Work instructions — Give back, word for word, the line that contains "0.45 ARES AMOEBA 1000 BB BOTTLE" and every line that follows it in the data below.

Information given —
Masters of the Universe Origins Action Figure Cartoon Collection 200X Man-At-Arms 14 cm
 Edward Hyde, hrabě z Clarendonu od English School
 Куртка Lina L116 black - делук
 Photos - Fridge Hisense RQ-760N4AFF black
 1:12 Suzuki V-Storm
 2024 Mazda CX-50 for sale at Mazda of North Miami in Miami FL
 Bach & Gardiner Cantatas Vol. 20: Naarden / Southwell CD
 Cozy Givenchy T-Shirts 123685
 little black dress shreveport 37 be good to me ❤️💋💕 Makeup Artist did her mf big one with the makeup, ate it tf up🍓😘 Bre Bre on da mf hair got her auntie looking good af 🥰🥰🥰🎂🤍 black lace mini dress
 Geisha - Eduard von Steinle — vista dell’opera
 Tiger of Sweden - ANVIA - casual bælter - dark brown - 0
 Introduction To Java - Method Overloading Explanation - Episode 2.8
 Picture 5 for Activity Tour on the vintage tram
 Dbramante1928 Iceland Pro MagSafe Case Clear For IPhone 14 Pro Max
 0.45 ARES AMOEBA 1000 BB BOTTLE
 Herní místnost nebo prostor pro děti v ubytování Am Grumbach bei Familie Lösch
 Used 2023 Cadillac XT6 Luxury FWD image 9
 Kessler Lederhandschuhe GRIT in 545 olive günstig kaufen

Expected output —
 0.45 ARES AMOEBA 1000 BB BOTTLE
 Herní místnost nebo prostor pro děti v ubytování Am Grumbach bei Familie Lösch
 Used 2023 Cadillac XT6 Luxury FWD image 9
 Kessler Lederhandschuhe GRIT in 545 olive günstig kaufen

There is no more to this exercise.